Some important stories are really boring, and it’s to get much duller than “electric grid operators in New England and New York take steps to coordinate their operations” – but the news is actually pretty important.
The press release by ISO-New England, which is the Independent System Operator for the six-state region, explains it:
Introduced on December 15, Coordinated Transaction Scheduling (CTS) makes more efficient use of the transmission lines by enabling market participants to access the lowest-cost source of power between the two regions. Enhancements include increasing the frequency of scheduling energy transactions over the transmission network between regions, software changes so the two ISOs can better coordinate selection of the most economic transactions, and the elimination of several fees that impede efficient trade between New York and New England. With these changes, higher-cost generation can be displaced by lower-cost generation, wherever the lower-cost supply is located.
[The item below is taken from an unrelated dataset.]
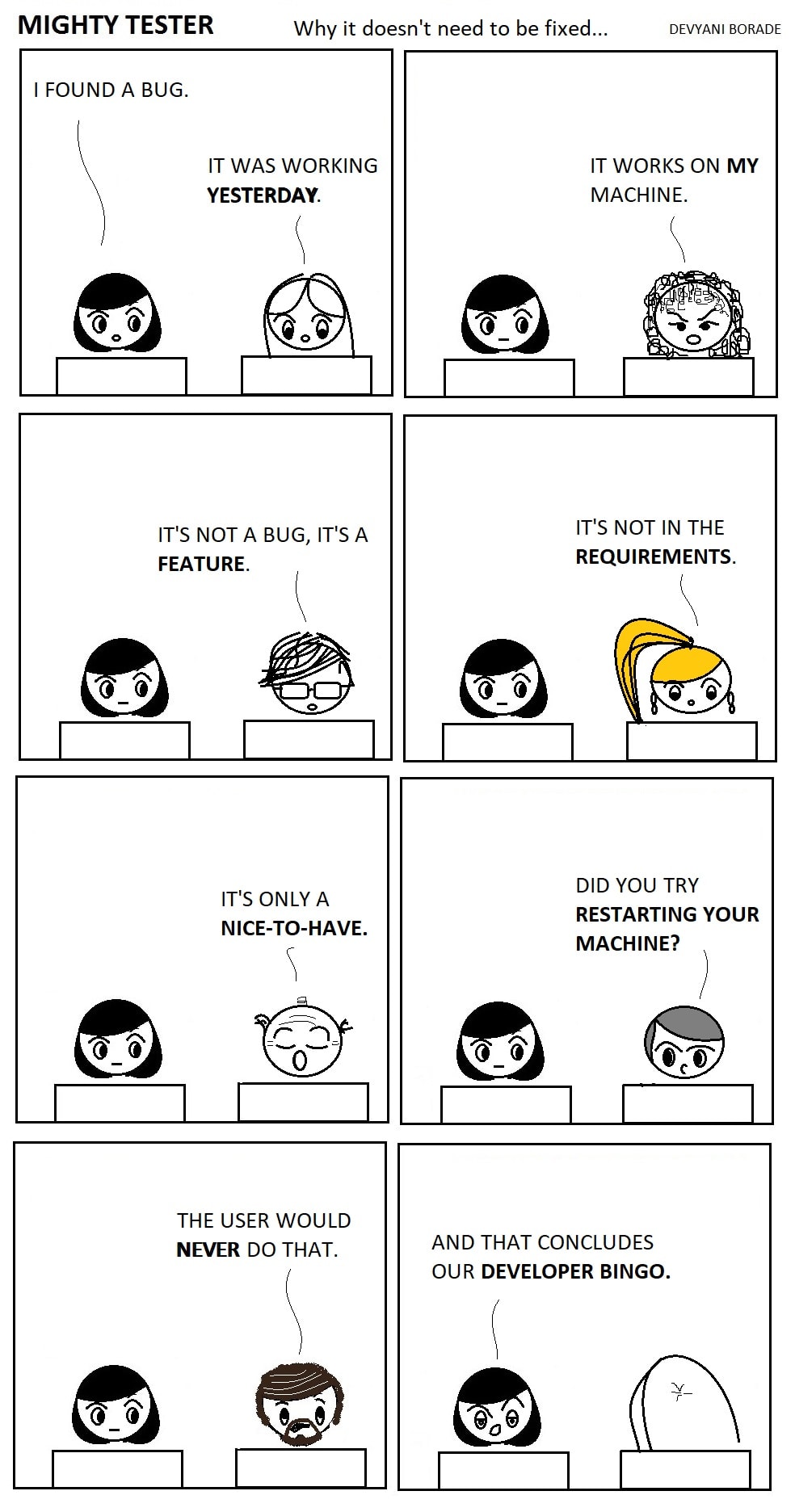 Image showing comic strip. In each frame, the tester is speaking with another developer. She says "I found a bug." Dev1: "It was working yesterday." Dev2: "It works on my machine" Dev3: "It's not a bug, it's a feature" Dev4: "It's not in the requirements." Dev5: "It's only a nice-to-have" Dev6: "Did you try restarting your machine?" Dev7: "The user would never do that" Finally in the last frame, the tester says to herself: "And that concludes our developer bingo"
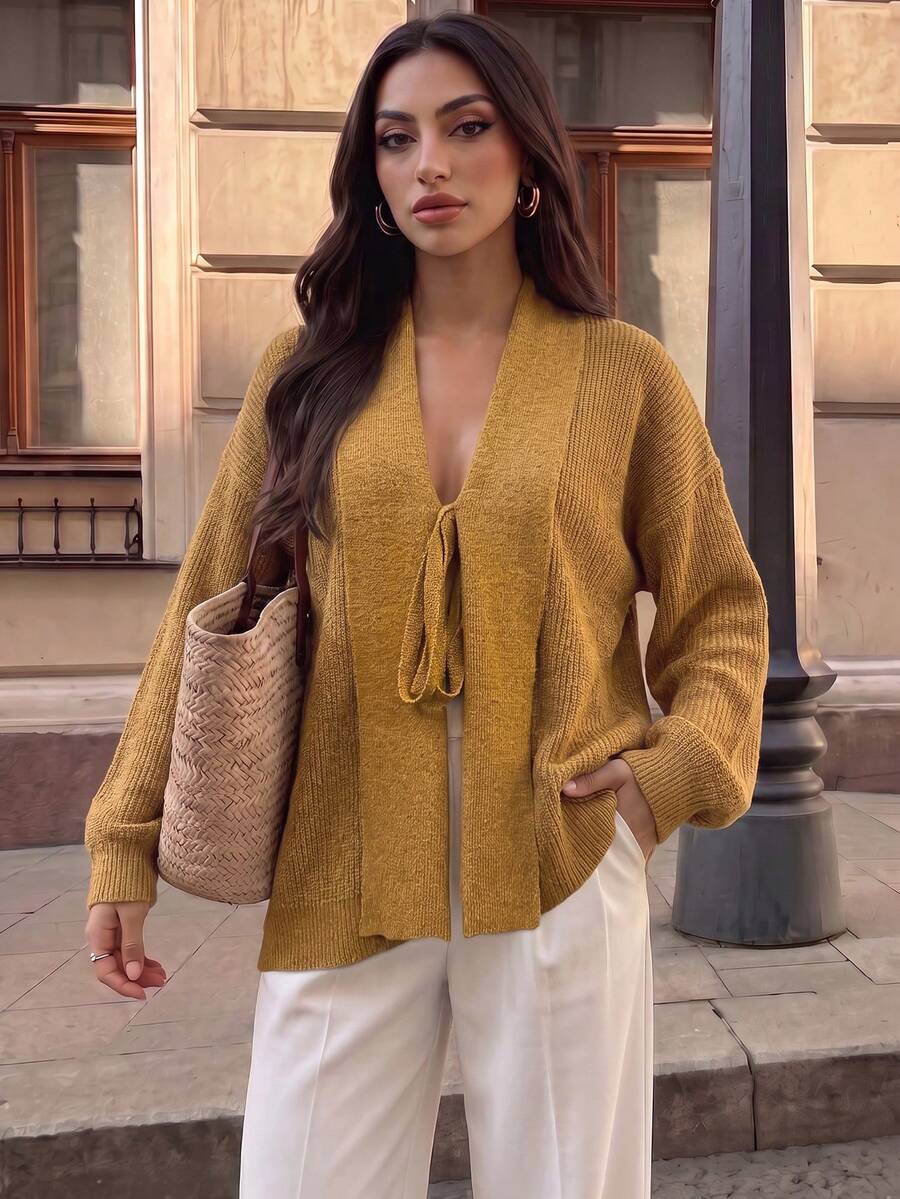 Duskaine Women's Autumn/Winter Casual Solid Color Tie-Front Cardigan - Yellow - View 1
I suspect a major effect will be our ability to import cheaper electricity in the winter from natural-gas-fired plants in New York, when our supply of natgas is taken up for heating purposes (assuming it ever gets cold enough this winter), although that’s just a guess. This stuff is complicated and I don’t understand the details.
This cooperation could be bigger than saving money, however. One of the big things that a new energy future needs is for electric grids to expand their reach by joining forces, because the ability to swap power over bigger distances will help us incorporate solar and wind power and their intermittency. Part of that grid improvement requires building new power lines – and we all know how easy that is – but Coordinated Transaction Scheduling sounds like the sort of step that is also needed.
New York’s power system is a good one to connect with, because that state is taking a real soup-to-nuts look at the whole electricity-production-and-distribution system, to help it move into a post-carbonizing economy. Its got a mushy name – Reforming the Energy Vision – but it’s a big deal. California and New York are the two states that have gone the farthest in updating their energy systems; the rest of us are watching what they do and probably will end up copying bits of it.